Whether this is realistic or not, I believe we have to move forward from critiquing the role of individual consent to requiring broader engagement and consent from people who are affected by how organisations handle data.

Possible effects

Let’s say that some of these ideas were put into place. What effects might that have?

The first thing to observe is that people are deeply unhappy with how some organisations are using data about them and others. This is particularly true about the tracking and profiling carried out by big tech and adtech and underpinning surveillance capitalism. ODI’s research with the RSA, “Data About Us”, showed people were also concerned about more systemic impacts such as information bubbles. Traditional market drivers are not working because of network effects and the lack of competitive alternatives. If the organisations involved were held to account against current public opinion (rather than being able to say “but our users consented to the T&Cs”), they would have to change how they operated fairly substantially.

It’s clear that both ICO and the CMA are concerned about the impact on content publishers and existing adtech businesses if the adtech market were disrupted too much and are consequently cautious about taking action.

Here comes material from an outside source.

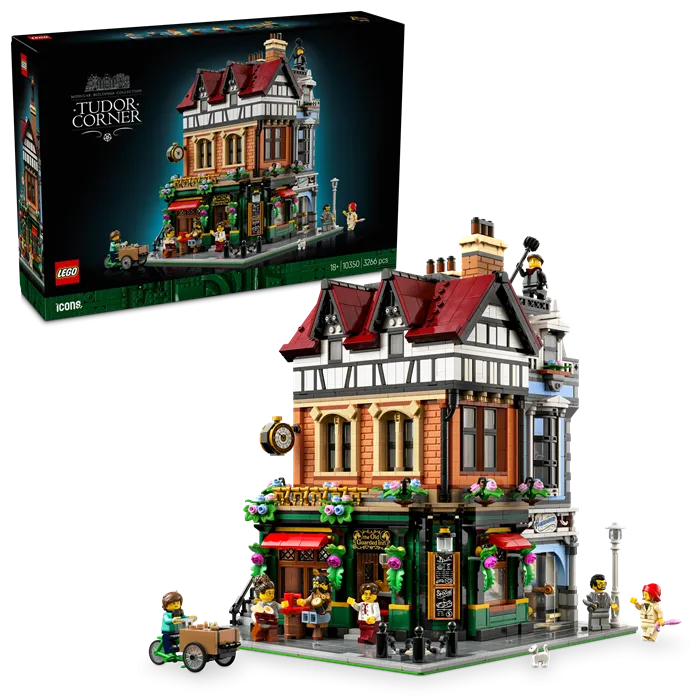 LEGO 10350 Icons Tudor Corner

It is certainly true that if adtech intermediaries couldn’t use personal data in the way they currently do, many would have to pivot fairly rapidly to using different forms of data to match advertisers to display space, such as the content and source of the ad, and the content of the page in which it would be displayed. Facebook’s business model would be challenged. Online advertisers might find advertising spend provides less bang for buck (though it’s not clear to me what impact that would have on advertising spend or balance across different media). But arguments about how to weigh these potential business and economic consequences against the impacts of data collection on people and communities are precisely those we need to have in the open.

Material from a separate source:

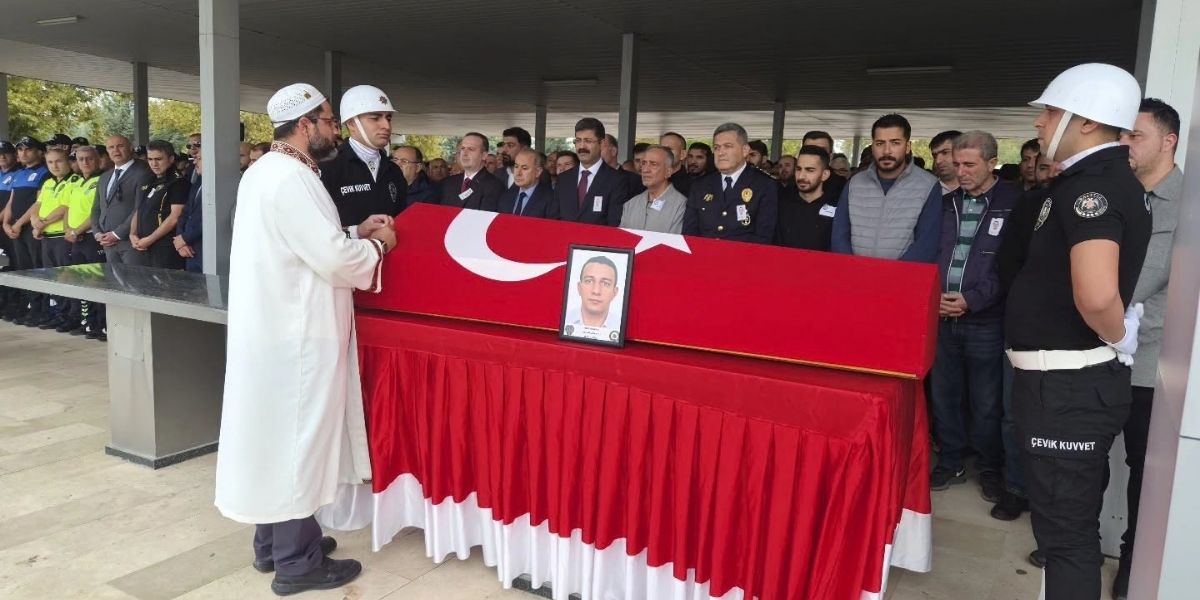 Sinop’ta Tekne Kazasında Hayatını Kaybeden Polis Memuru Malatya’da Toprağa Verildi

I can also foresee that a requirement for community consent would mean wider information campaigns from industry associations and others about the benefits of using personal data. Currently the media narrative about the use of personal data is almost entirely negative - to the extent that Doctor Who bad guys are big tech monopolists. Sectors, like health, where progress such as new treatments or better diagnosis often requires the use of personal data, are negatively impacted by this narrative, and can’t afford the widespread information campaigns that would shift that dial. If other industries needed to make the case that the use of personal data can bring benefits, that could mean the conversation about data starts to be more balanced.

Finally, and most importantly, people currently feel dissatisfied, that they don’t have control, and resigned to a status quo they are unhappy with. Requiring community consent could help provide a greater sense of collective power and agency over how organisations use data that should increase the levels of trust they have in the data economy. I believe that is essential if we are to build a healthy and robust data future.